If AI is so good, why not just bypass our grannies, and talk to Jesus instead. Maybe he'll give us a tip on who's going to win the Super Bowl 🤣
AI videos of the dead are creepy.
PLEASE stop calling everything AI. This is just another program running routines that it was told to do. There is nothing “artificial” about it. Now if it just decided on its own to start sending you message or e-mails posing as your granny then that might very well be considered AI. But not this! We may as well start referring to old Pac Man arcade machines as AI at this point.
There was a Twilight Zone episode where Billy Mumy did the same thing.
I don’t know exactly where the creepy line is but I know this crosses it.
The phone.
I see it as just another fairy tale; and probably a lot more benign than many of the old traditional ones.
My mom's mom lived until I was in my late teens. We went to visit her a lot.
I don't need any damn AI to talk to any of them.
I always thought the AI version of Jor-El in the Superman movies was extremely lame.
🤣🤣🤣
What you ‘need’ may be very different from what somebody else may ‘want’.
If you showed a photo of your grandmother to a child today, the child would know that the photo was not a real person. If I played tape recordings of my grandmother to a child today, no child would believe that my dead Granny was in the room.
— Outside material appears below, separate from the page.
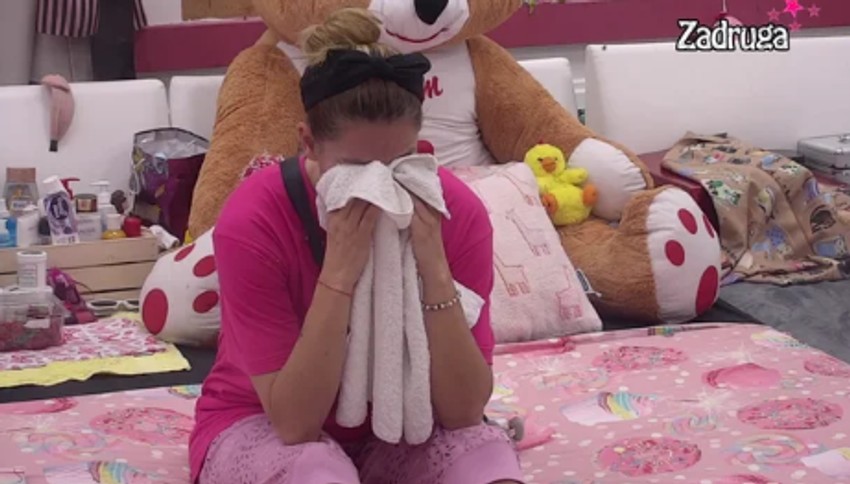 Ana Ćurčić plače u "Zadruzi"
When kids watch movies these days, they know that ‘Gollum’ isn’t real, and that the flying creeatures in ‘Avatar’ are just cinematic visual effects. They’re going to understand the same about this. Unless a kid is really subintelligent, they pick this stuff up by a kind of osmosis, and always have.
This is just a very advanced form of Disney ‘animatronics’, to me. I don’t think many find the ‘Hall of Presidents’ creepy.